Pertanto, anche a nome del Ncd, Sacconi scolpisce, enfasi nostra:

«La legge non potrà quindi estendere le provvidenze connesse alla presenza attuale o potenziale di figli naturalmente collegata alla coppia eterosessuale. In particolare la pensione di reversibilità comporta in Italia un onere di 41 miliardi all’anno, pari al 2,6 per cento del Pil, che è la misura più alta in Europa. Essa nasce proprio in relazione alla vocazione alla genitorialità della coppia eterosessuale nel momento in cui si unisce in matrimonio per un progetto di vita. E’ evidente oltretutto la insostenibilità finanziaria di un’eventuale estensione, per cui la nuova eventuale legge dovrà essere definita in modo tale che non solo non la disponga ora ma che non si presti nemmeno successivamente ad una estensione giurisprudenziale”

Mirabile sequenza di non sequitur, lanciati nell’acuta ansia (che in Sacconi letteralmente diviene terrore) che possa nascere “qualcosa” che assomigli al leggendario e primigenio “matrimonio naturale”. Per cominciare, voi sapevate che la ratio della pensione di reversibilità è “la vocazione alla genitorialità della coppia eterosessuale”? Noi no ma forse ci siamo distratti. Quindi che facciamo, niente reversibilità ai superstiti che non si sono riprodotti entro le sacre mura del matrimonio etero o basta la certificazione di “potenzialità” riproduttiva? Tralasciamo poi di indagare sulla “vocazione alla genitorialità della coppia eterosessuale”, perché questo implica che le coppie omosessuali siano per definizione sprovviste di tale vocazione (è la natura, signora mia). Il problema vero (di Sacconi, s’intende) è che presupposto necessario ma non sufficiente per l’erogazione di tale misura assistenziale è una cosa chiamata matrimonio. Da qui l’angoscia del Nostro, che dal sorgere della reversibilità in capo alle unioni civili vede l’equiparazione, anche simbolica, di quest’ultime al matrimonio, cosa che notoriamente lo tiene sveglio la notte.

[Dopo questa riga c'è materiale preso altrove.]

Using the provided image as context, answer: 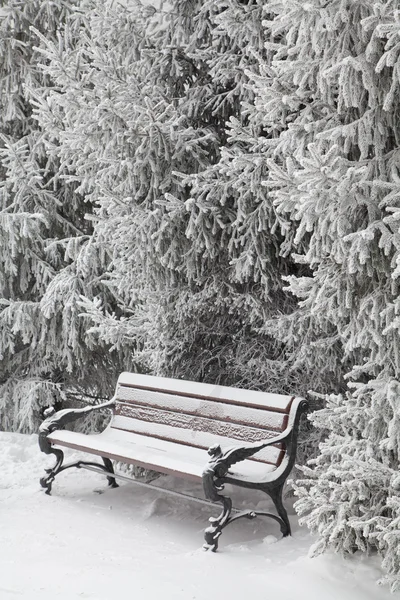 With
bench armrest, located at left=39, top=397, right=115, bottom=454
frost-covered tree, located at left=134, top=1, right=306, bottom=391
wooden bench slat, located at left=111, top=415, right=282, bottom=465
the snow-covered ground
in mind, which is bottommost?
the snow-covered ground

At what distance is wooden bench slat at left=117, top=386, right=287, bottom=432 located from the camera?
4773 mm

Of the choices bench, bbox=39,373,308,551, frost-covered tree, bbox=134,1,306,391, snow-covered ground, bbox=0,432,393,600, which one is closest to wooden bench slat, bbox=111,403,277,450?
bench, bbox=39,373,308,551

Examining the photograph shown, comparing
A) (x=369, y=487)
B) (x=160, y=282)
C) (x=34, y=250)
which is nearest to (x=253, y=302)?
(x=160, y=282)

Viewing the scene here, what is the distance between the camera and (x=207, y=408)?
5238 mm

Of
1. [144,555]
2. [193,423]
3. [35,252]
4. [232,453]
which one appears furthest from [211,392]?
[35,252]

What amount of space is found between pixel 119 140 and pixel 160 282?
1.25 metres

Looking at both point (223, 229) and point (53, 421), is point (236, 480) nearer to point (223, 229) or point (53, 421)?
point (223, 229)

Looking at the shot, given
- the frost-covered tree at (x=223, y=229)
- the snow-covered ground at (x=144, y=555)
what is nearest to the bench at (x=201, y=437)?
the snow-covered ground at (x=144, y=555)

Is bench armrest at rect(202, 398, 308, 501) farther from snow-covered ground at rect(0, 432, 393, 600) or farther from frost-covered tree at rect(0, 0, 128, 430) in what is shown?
frost-covered tree at rect(0, 0, 128, 430)

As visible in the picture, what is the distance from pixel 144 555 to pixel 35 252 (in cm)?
467

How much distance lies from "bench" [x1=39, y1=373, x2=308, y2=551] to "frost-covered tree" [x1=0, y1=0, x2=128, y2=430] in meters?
2.01

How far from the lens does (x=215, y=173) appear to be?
5.13 metres

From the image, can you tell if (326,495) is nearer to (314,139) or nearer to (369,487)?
(369,487)

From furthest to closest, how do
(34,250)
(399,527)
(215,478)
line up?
(34,250) → (215,478) → (399,527) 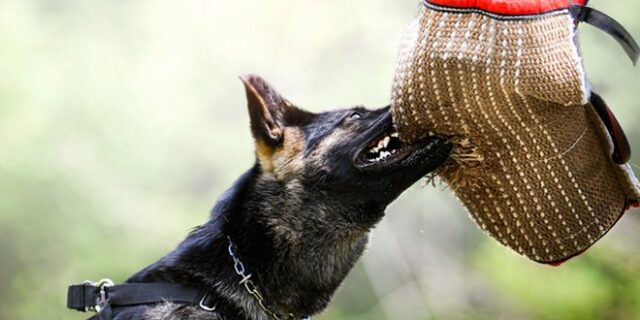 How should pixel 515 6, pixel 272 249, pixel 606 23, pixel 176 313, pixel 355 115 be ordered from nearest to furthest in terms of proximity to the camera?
1. pixel 515 6
2. pixel 606 23
3. pixel 176 313
4. pixel 272 249
5. pixel 355 115

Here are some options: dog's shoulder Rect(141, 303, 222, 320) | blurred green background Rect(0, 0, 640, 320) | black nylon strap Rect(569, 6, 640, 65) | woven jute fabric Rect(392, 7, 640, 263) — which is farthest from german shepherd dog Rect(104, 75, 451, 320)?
blurred green background Rect(0, 0, 640, 320)

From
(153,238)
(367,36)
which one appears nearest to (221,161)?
(153,238)

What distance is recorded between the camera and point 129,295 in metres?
3.11

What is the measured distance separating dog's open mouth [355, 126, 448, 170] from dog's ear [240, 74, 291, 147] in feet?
1.16

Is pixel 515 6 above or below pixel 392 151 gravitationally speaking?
→ above

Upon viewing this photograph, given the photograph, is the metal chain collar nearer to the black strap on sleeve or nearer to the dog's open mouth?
the dog's open mouth

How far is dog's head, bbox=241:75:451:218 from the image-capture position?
3125 millimetres

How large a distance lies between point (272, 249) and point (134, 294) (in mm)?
498

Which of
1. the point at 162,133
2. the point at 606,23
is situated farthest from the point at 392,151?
the point at 162,133

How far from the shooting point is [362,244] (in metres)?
3.38

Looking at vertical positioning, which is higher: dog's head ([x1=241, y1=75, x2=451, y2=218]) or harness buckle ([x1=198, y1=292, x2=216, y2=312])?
dog's head ([x1=241, y1=75, x2=451, y2=218])

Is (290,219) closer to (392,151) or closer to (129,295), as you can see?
(392,151)

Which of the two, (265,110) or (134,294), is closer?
(134,294)

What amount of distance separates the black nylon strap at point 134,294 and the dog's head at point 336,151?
1.74ft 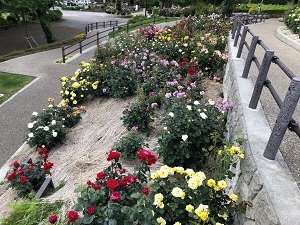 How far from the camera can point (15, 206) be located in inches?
133

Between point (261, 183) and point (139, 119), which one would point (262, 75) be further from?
point (139, 119)

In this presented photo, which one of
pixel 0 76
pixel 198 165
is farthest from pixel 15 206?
pixel 0 76

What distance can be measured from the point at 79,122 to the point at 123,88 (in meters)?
1.44

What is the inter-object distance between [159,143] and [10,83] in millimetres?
8164

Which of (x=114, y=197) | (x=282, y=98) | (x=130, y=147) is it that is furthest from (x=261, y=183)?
(x=282, y=98)

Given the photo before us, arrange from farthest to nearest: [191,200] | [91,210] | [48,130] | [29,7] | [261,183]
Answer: [29,7] → [48,130] → [91,210] → [191,200] → [261,183]

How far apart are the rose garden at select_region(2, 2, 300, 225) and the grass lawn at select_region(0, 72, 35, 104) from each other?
9.16ft

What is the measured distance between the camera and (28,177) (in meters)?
4.09

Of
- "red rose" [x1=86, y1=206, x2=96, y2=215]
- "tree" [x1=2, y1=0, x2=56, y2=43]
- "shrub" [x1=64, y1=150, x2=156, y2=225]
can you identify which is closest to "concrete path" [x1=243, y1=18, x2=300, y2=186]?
"shrub" [x1=64, y1=150, x2=156, y2=225]

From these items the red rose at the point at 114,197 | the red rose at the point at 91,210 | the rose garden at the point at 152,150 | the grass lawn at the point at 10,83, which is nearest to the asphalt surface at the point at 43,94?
the grass lawn at the point at 10,83

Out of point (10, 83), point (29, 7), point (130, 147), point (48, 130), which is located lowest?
point (10, 83)

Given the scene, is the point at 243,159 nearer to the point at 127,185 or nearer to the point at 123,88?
the point at 127,185

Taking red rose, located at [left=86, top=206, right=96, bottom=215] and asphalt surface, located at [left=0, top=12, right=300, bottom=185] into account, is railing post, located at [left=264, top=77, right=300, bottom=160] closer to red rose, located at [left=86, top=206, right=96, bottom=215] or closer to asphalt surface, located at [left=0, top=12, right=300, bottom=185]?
asphalt surface, located at [left=0, top=12, right=300, bottom=185]

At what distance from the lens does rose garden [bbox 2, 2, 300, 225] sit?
239cm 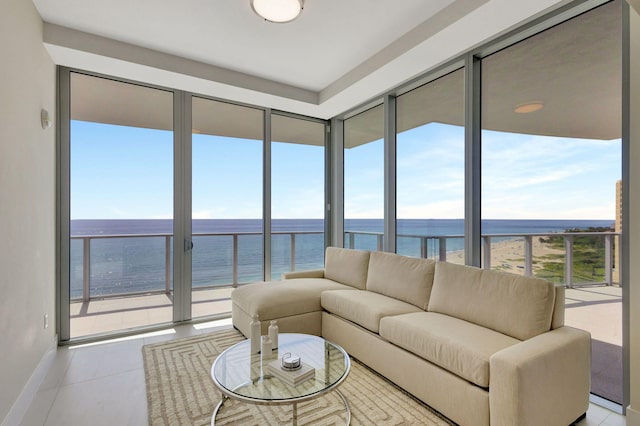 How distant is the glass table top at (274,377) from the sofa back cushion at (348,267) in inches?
52.4

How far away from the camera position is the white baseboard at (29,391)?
2019 mm

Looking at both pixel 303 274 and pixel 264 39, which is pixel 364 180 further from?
pixel 264 39

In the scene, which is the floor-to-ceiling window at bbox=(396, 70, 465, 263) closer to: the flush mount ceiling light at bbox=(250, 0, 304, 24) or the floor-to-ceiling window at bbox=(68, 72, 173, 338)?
the flush mount ceiling light at bbox=(250, 0, 304, 24)

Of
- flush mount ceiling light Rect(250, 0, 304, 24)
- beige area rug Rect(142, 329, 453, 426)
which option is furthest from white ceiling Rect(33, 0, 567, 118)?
beige area rug Rect(142, 329, 453, 426)

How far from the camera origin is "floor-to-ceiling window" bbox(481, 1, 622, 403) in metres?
2.24

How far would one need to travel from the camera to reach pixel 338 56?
11.3 feet

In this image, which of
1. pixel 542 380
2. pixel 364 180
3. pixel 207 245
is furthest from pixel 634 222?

Poi, in mezzo a queste inconfessabili e subliminali suggestioni, Sacconi decide di impancarsi a guardiano dei conti pubblici. E quindi, non sia mai che si debba gonfiare il fiume in piena degli assegni di reversibilità (che andrà affrontato e corretto, peraltro) per fare spazio a questi taroccatori ultimi arrivati. Questo modo di argomentare è la solita accozzaglia di paglia (alcuni declamatori di rito bertoniano hanno notoriamente enormi code della stessa materia) che gli integralisti come Sacconi tirano in ballo quando si vedono messi all’angolo dai tempi. Continua a volerci pazienza.

Aggiornamento – Su nFA, Sandro Brusco tenta una stima analogica del maggior esborso sulle pensioni di reversibilità da unioni civili confermando anche che, quando è stata distribuita la logica, Sacconi era assente, forse perché troppo impegnato a stoccare l’enorme dotazione di paglia ricevuta.